Logan Riggs comments on Normalizing Sparse Autoencoders

Logan Riggs 10 Apr 2024 14:32 UTC
3 points
0
For comparing CE-difference (or the mean reconstruction score), did these have similar L0′s? If not, it’s an unfair comparison (higher L0 is usually higher reconstruction accuracy).
- Fengyuan Hu 10 Apr 2024 16:54 UTC
  1 point
  0
  Parent
  Good point. Firstly, the mean L0 between the experiment and the baseline is within a scaling factor of 2, so it’s in a reasonably close range. I also added a new set of figures comparing the reconstruction score of one layer that have the closest match on L0 between the experiment group. Spoiler, the scores are still almost the same at the end of training. You can find it under Experiments-Performance Validation.

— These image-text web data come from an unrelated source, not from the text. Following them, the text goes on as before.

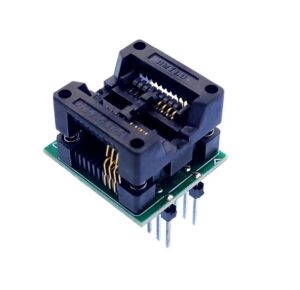 سوکت برد تبدیل SOP8 به DIP8 مدل OTS-20-1.27-01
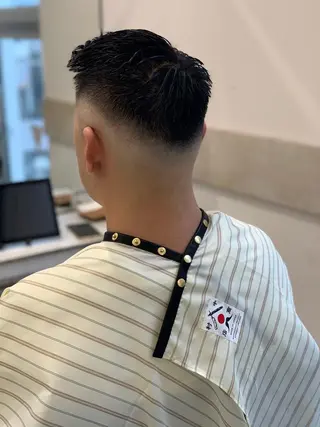 ショート メンズ BINGO HAIR WORKS 【ビンゴヘアワークス】所属・🎱メンズフェード 特化HYOGA🎱のヘアスタイル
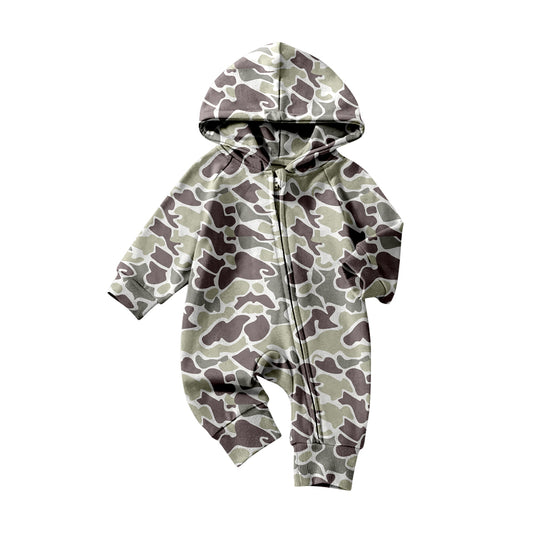 Pre order zipper camo hooded sleeper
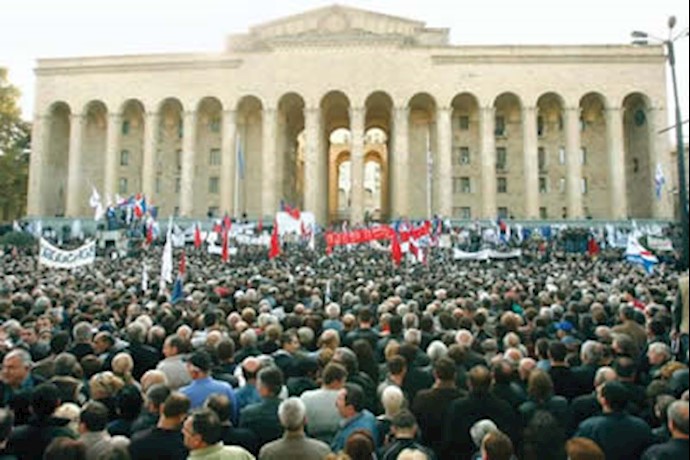 تظاهرات مردم گرجستان- آرشیو 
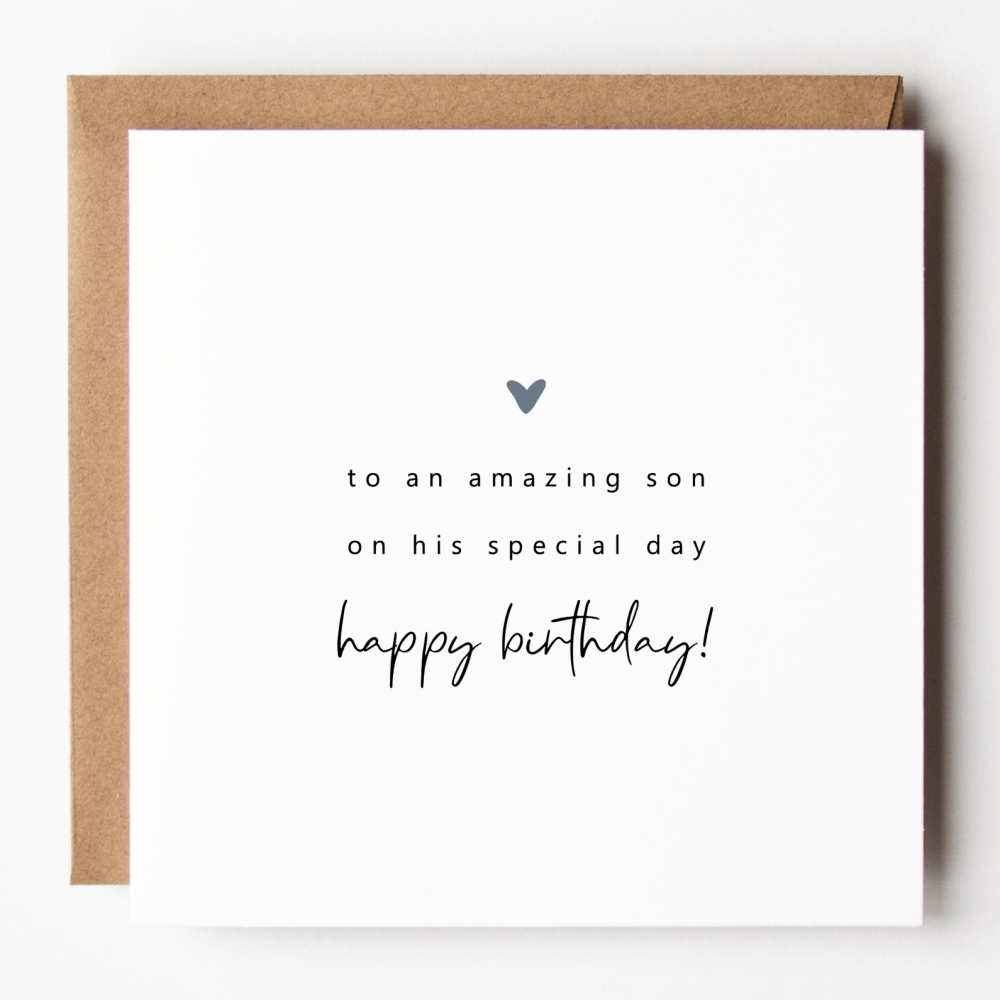 Happy Birthday Son Card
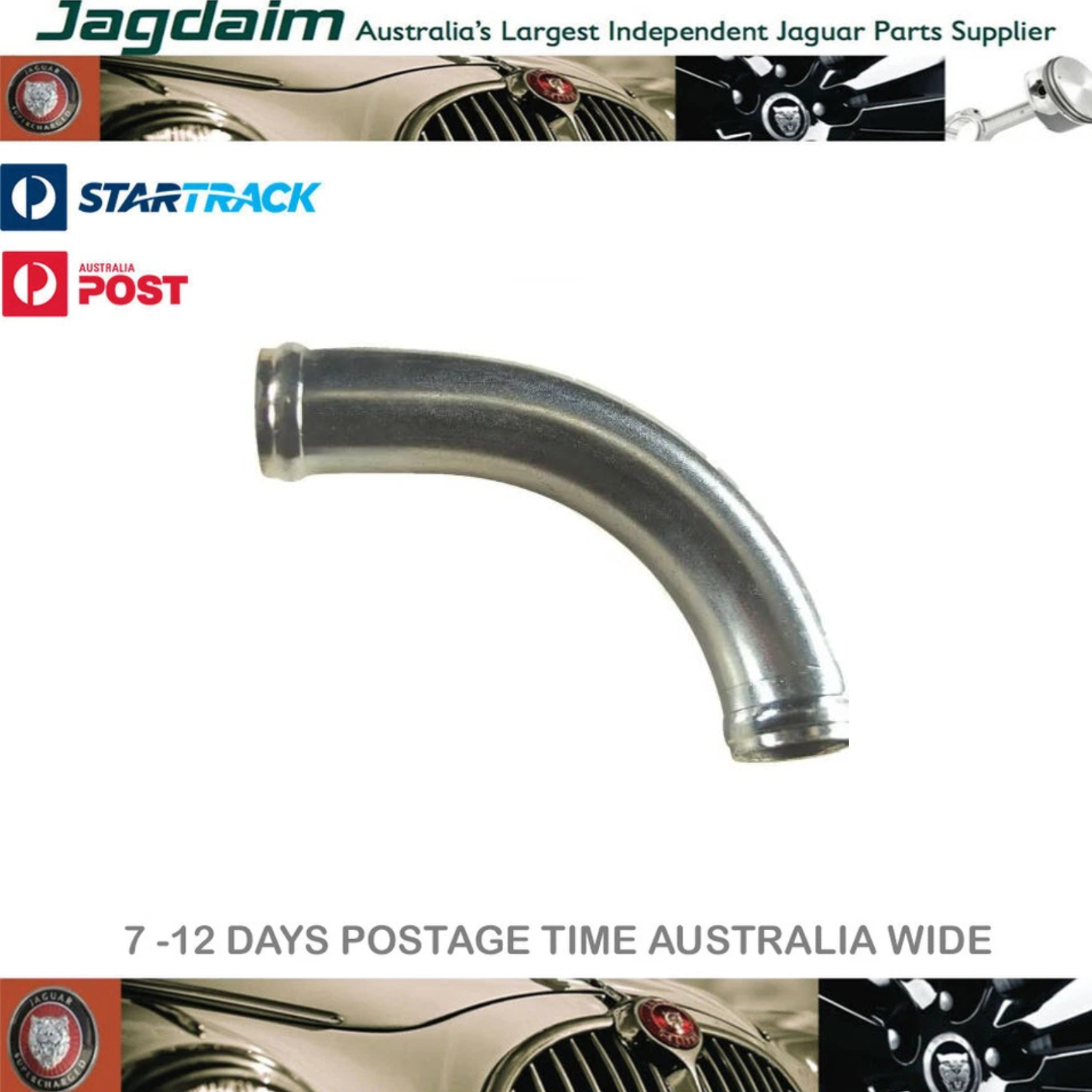 57-110.png New Jaguar Water Pipe LH S3 E Type C33291 - Image 1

  - Glen Taggart 11 Apr 2024 23:14 UTC
    3 points
    0
    Parent
    I want to mention that in my experience a factor of 2 difference in L0 makes a pretty huge difference in reconstruction score/L2 norm. IMO ideally you should compare pareto curves for each architecture or get two datapoints that have almost the exact same L0 if you want to compare two architectures.
    - Fengyuan Hu 12 Apr 2024 1:32 UTC
      1 point
      0
      Parent
      The additional experiment under Experiment-Performance Verification (Figure 11) compares normalized_1 and baseline_1 on layer 5 which have almost identical $L_{0}$ . The result showed no observable difference.